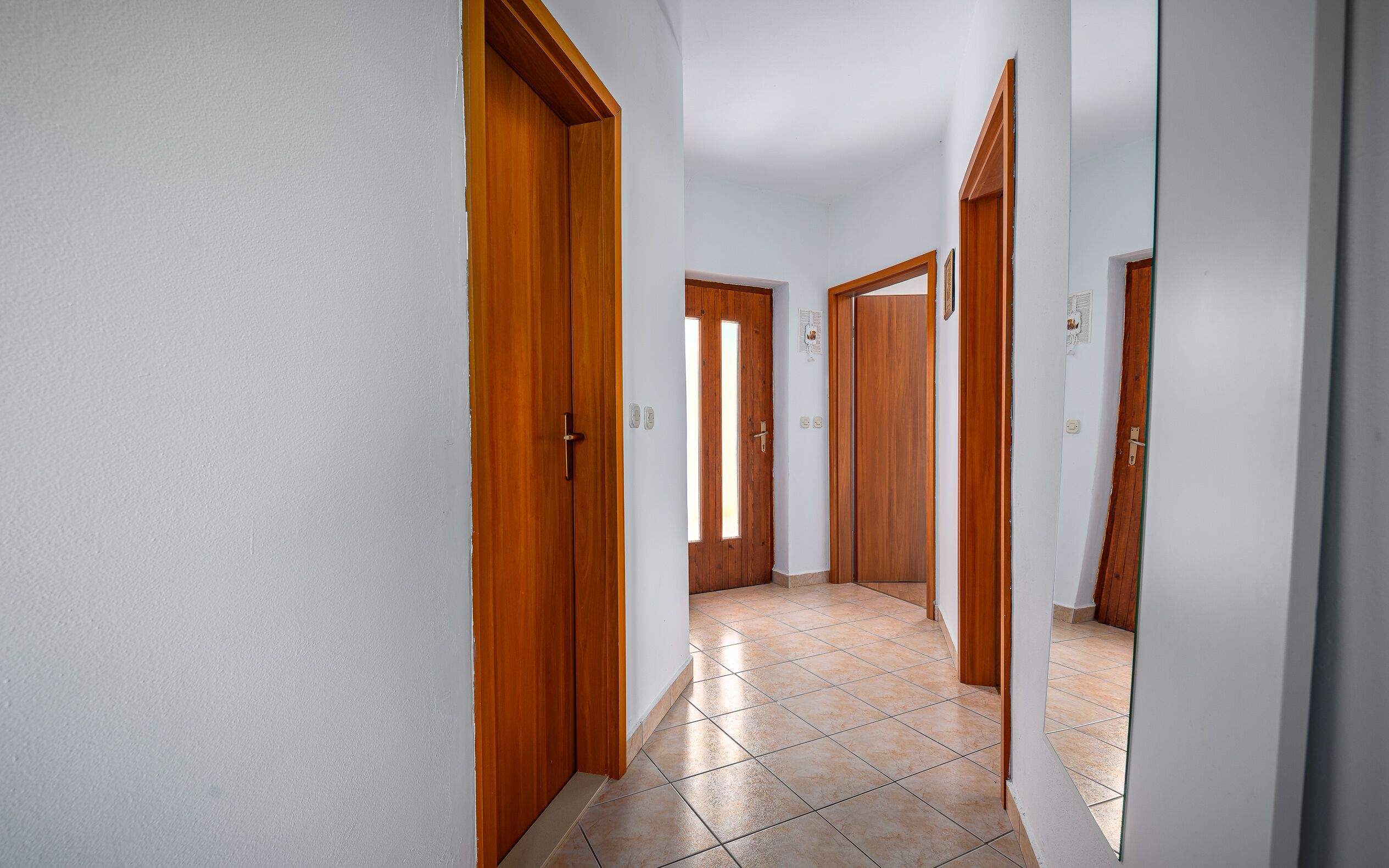 Un pasillo con puertas de madera y suelo de baldosas.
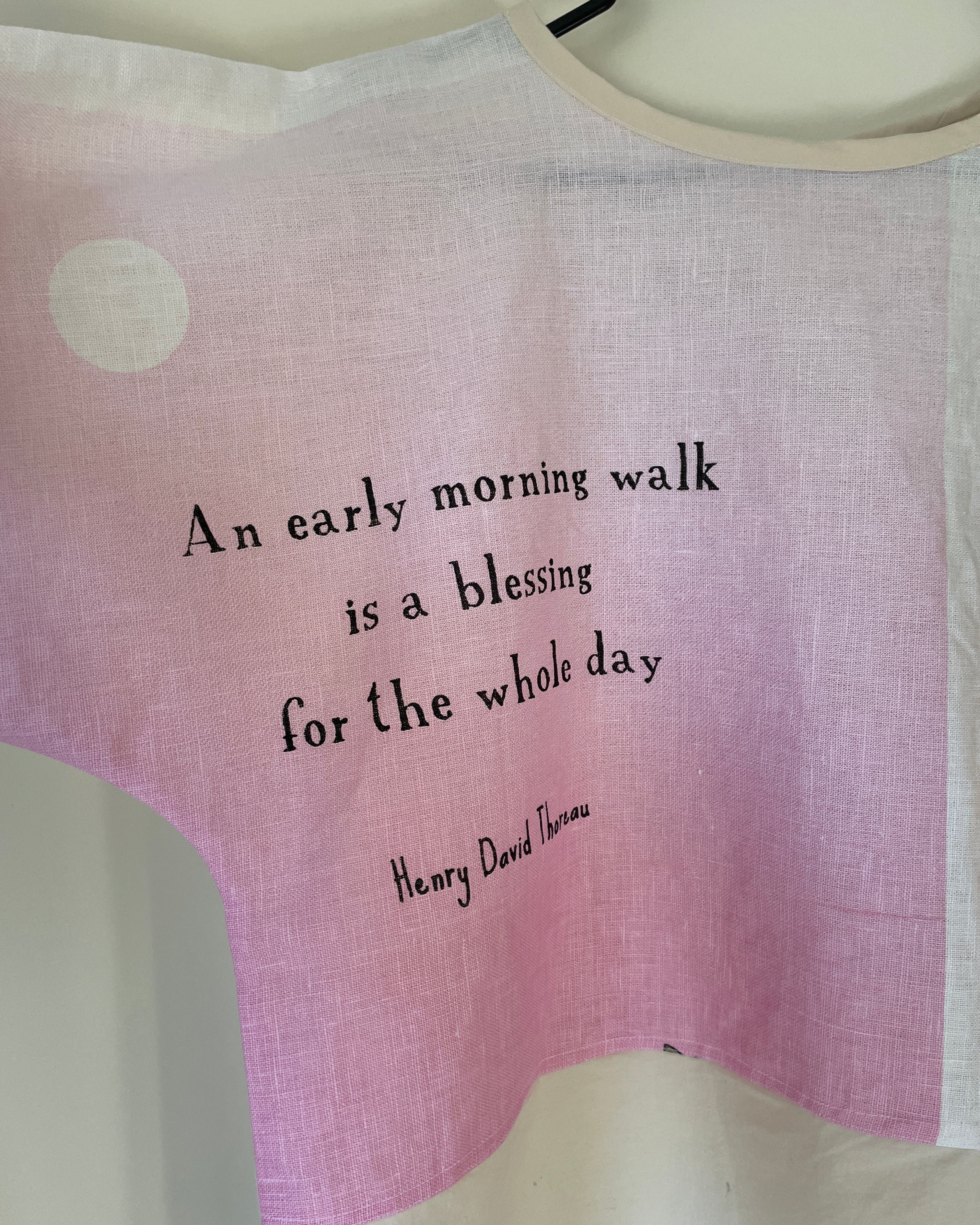 Pink fabric with a quote by Henry David Thoreau on a white background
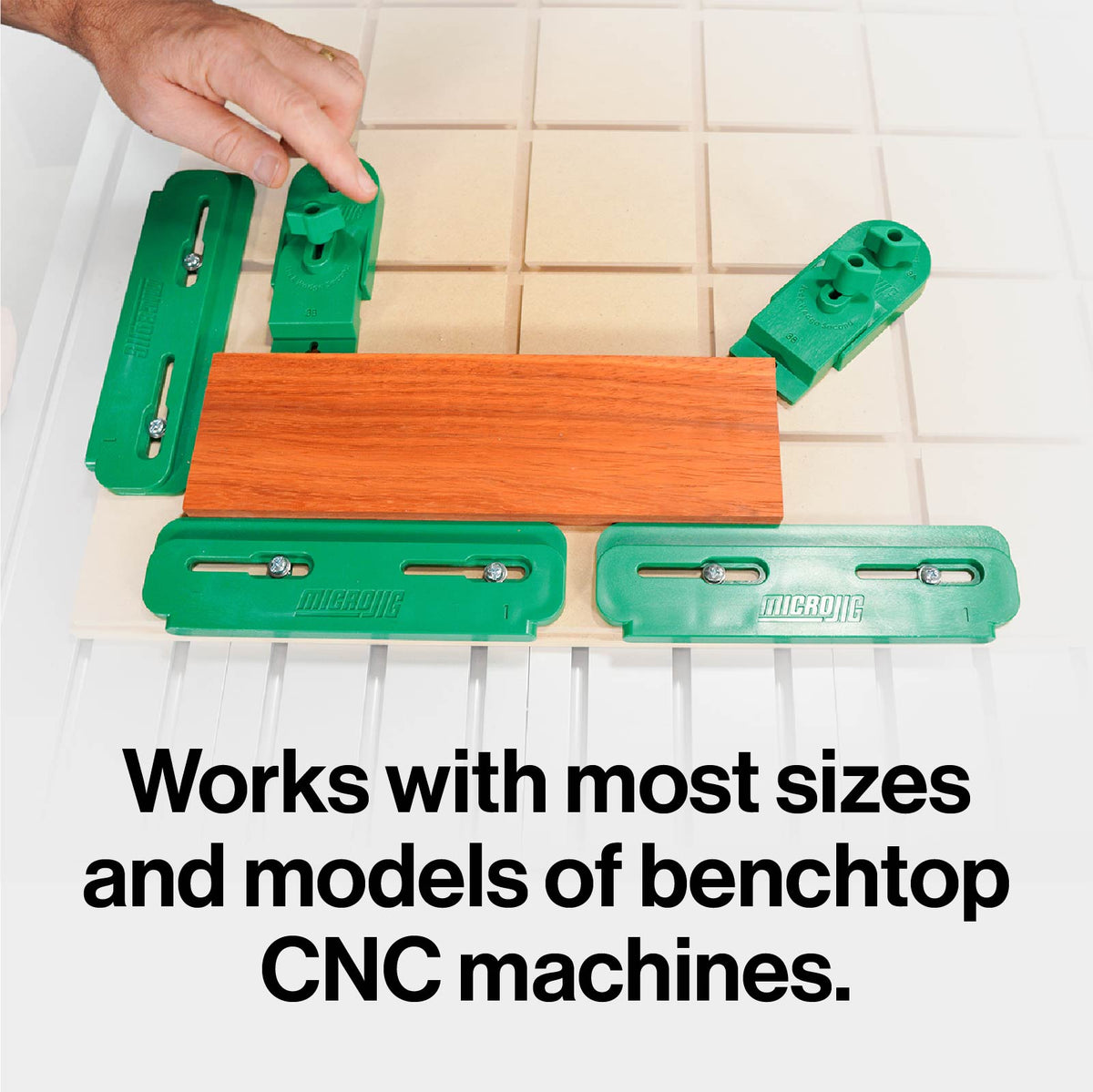 CNC clamping kit with green hold-down clamps securing wood on a benchtop CNC machine.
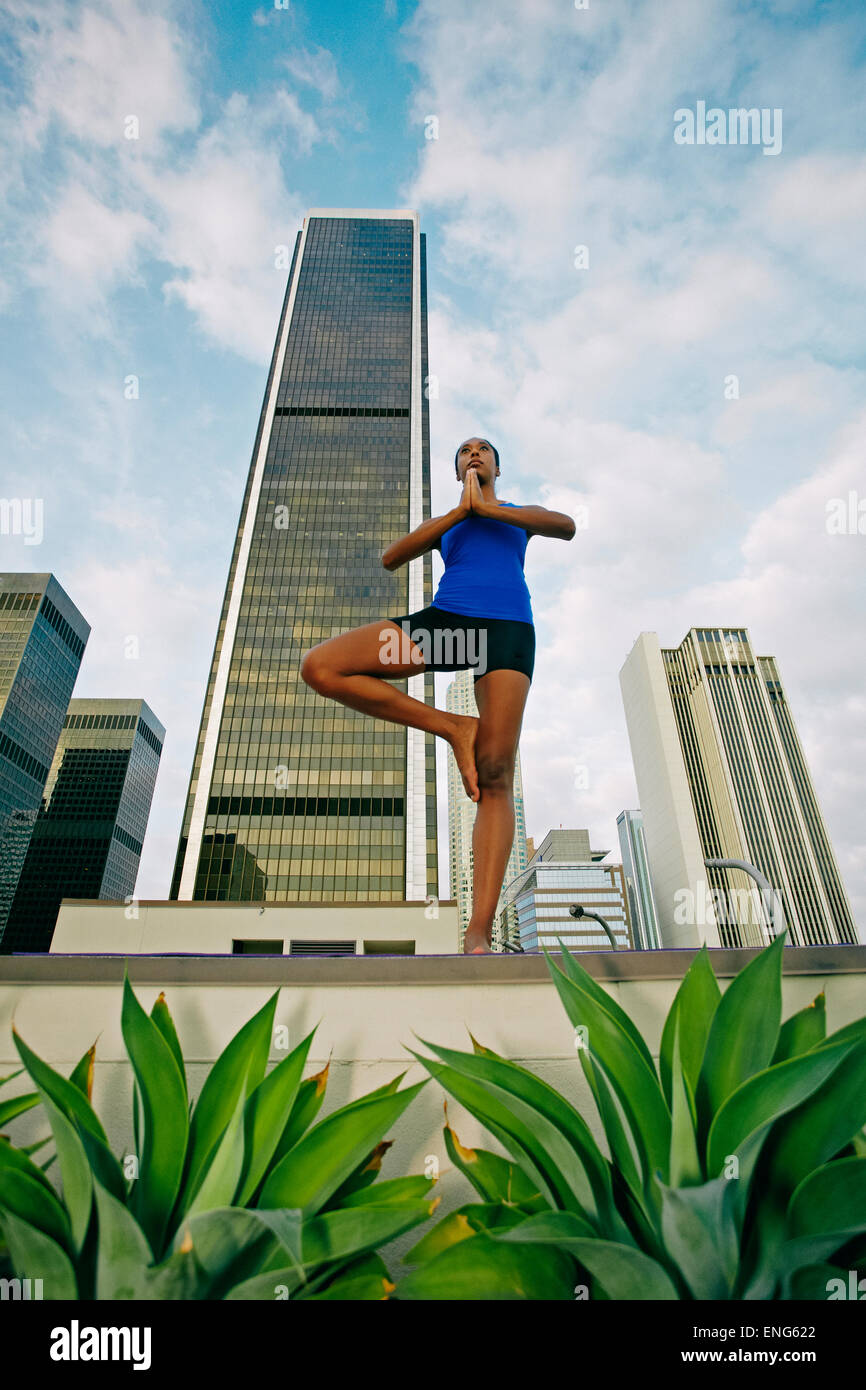 African American woman practicing yoga on urban rooftop Stock Photo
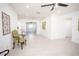 Spacious living room featuring ceramic floors, a ceiling fan, and stylish decor at 5608 Larimer Dr, Tampa, FL 33615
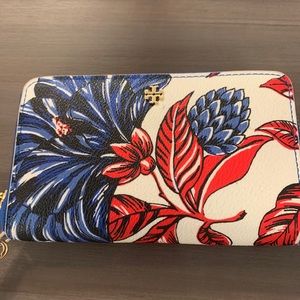 White and multicolor faux leather Tory wristlet.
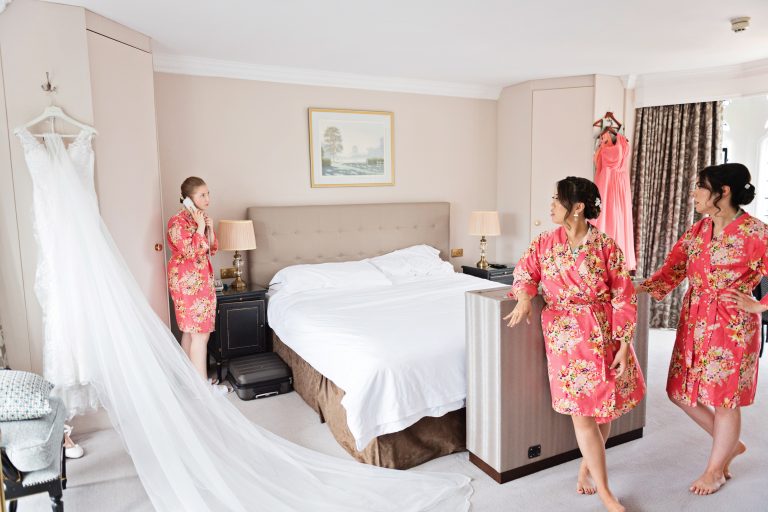 Bridesmaids getting the call to say you need to get ready by the hotel. Dress is laid out elegantly in between them. Photography by Blooming Photography at Danesfield House Hotel and Spa.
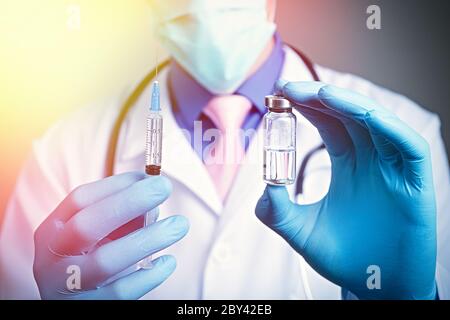 Vue rapprochée de la seringue et de l'ampoule en verre avec les mains vêtues de gants en caoutchouc bleu, robe blanche habillée médecin sur fond flou Banque D'Images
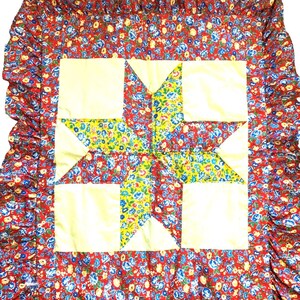 May include: A red and white patchwork quilt with a large star design in the center. The quilt has a ruffled border and is made of floral fabric.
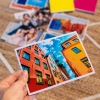 Imprimir copias Fotoprix, foto detalle de una copia de tamaño 11x15 sujetándola con la mano, mientras el resto están decorando una mesa.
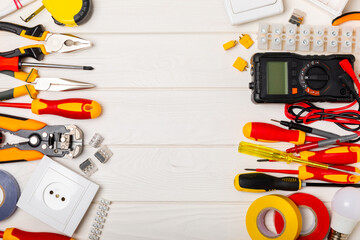 Electrician equipment on a wooden background with copy space.Top view.Electrician tool set.Multimeter, tester,screwdrivers,cutters,duct tape,lamps,tape measure and wires.Flet lay.Concept building © Avocado_studio
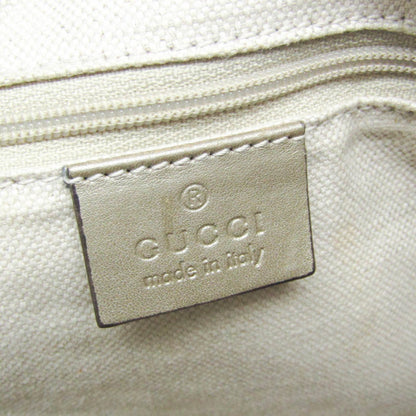 Gucci Others Gold Handbags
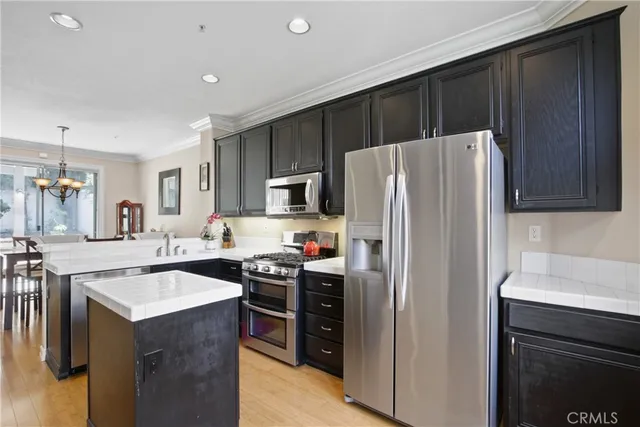 a kitchen with kitchen island a sink stove and refrigerator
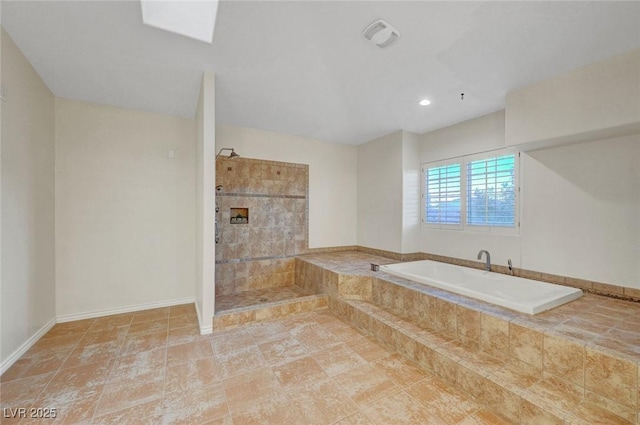 bathroom with a garden tub, walk in shower, and baseboards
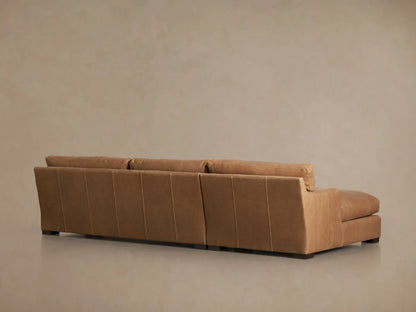 Dune Leather Two Piece Chaise Sectional in caramel brown leather, featuring left chaise, three seat cushions, and subtle stitching details.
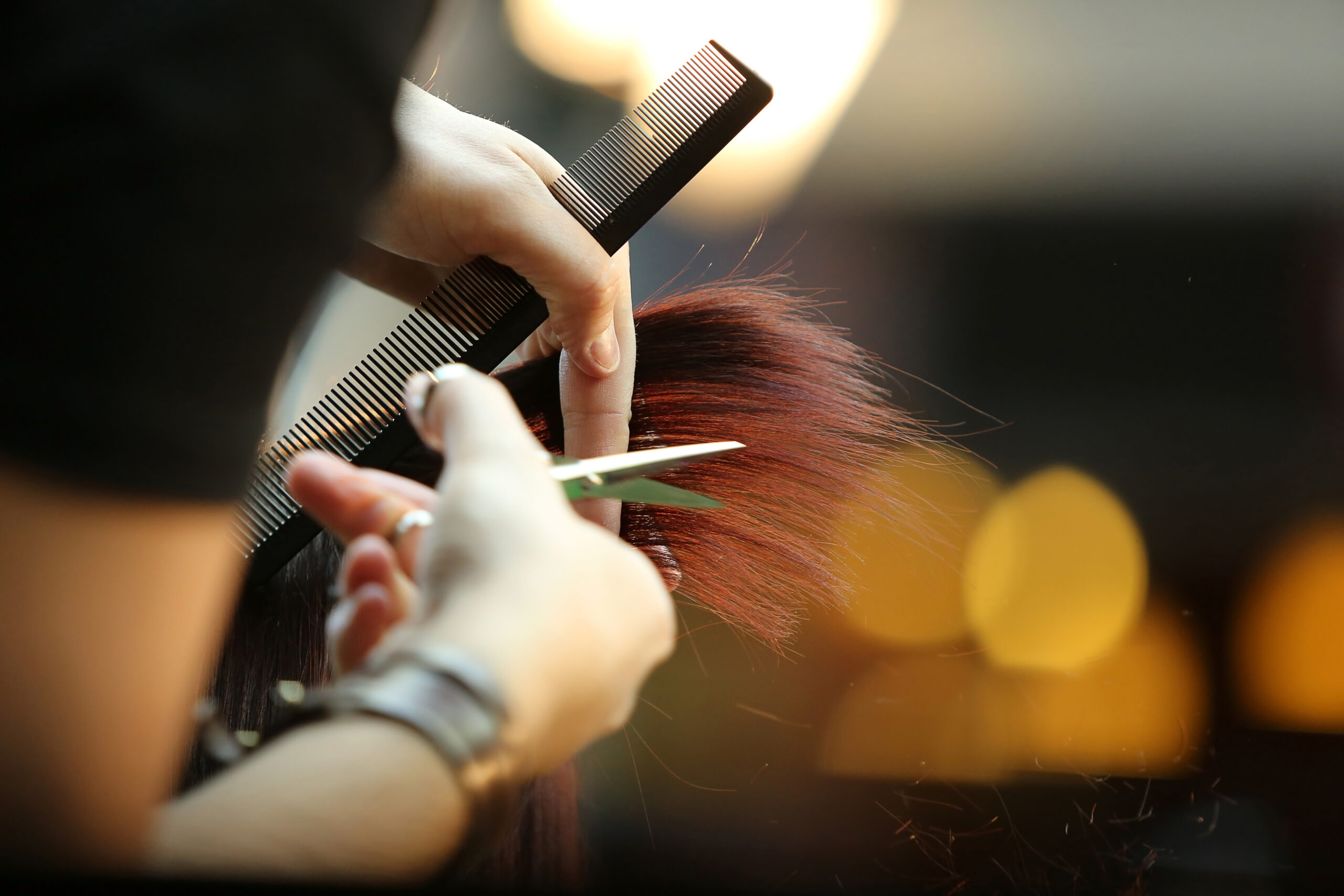 trimming hair with shears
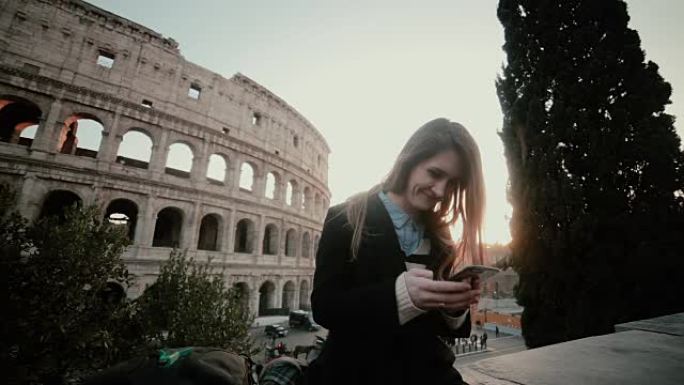 年轻迷人的女人站在意大利罗马的罗马斗兽场附近，使用智能手机。微笑的女孩聊天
==*==
→ **INSTRUCTIONS FOR THE TASK**: When you copy the data above, keep each line exact and omit the pictures.

→ **OUTPUT OF THE EXERCISE**:
 Un pasillo con puertas de madera y suelo de baldosas.
 Pink fabric with a quote by Henry David Thoreau on a white background
 CNC clamping kit with green hold-down clamps securing wood on a benchtop CNC machine.
 African American woman practicing yoga on urban rooftop Stock Photo
 Spacious living room featuring ceramic floors, a ceiling fan, and stylish decor at 5608 Larimer Dr, Tampa, FL 33615
 White and multicolor faux leather Tory wristlet.
 Bridesmaids getting the call to say you need to get ready by the hotel. Dress is laid out elegantly in between them. Photography by Blooming Photography at Danesfield House Hotel and Spa.
 Vue rapprochée de la seringue et de l'ampoule en verre avec les mains vêtues de gants en caoutchouc bleu, robe blanche habillée médecin sur fond flou Banque D'Images
 May include: A red and white patchwork quilt with a large star design in the center. The quilt has a ruffled border and is made of floral fabric.
 Imprimir copias Fotoprix, foto detalle de una copia de tamaño 11x15 sujetándola con la mano, mientras el resto están decorando una mesa.
 Electrician equipment on a wooden background with copy space.Top view.Electrician tool set.Multimeter, tester,screwdrivers,cutters,duct tape,lamps,tape measure and wires.Flet lay.Concept building © Avocado_studio
 Gucci Others Gold Handbags
 a kitchen with kitchen island a sink stove and refrigerator
 bathroom with a garden tub, walk in shower, and baseboards
 Dune Leather Two Piece Chaise Sectional in caramel brown leather, featuring left chaise, three seat cushions, and subtle stitching details.
 trimming hair with shears
 年轻迷人的女人站在意大利罗马的罗马斗兽场附近，使用智能手机。微笑的女孩聊天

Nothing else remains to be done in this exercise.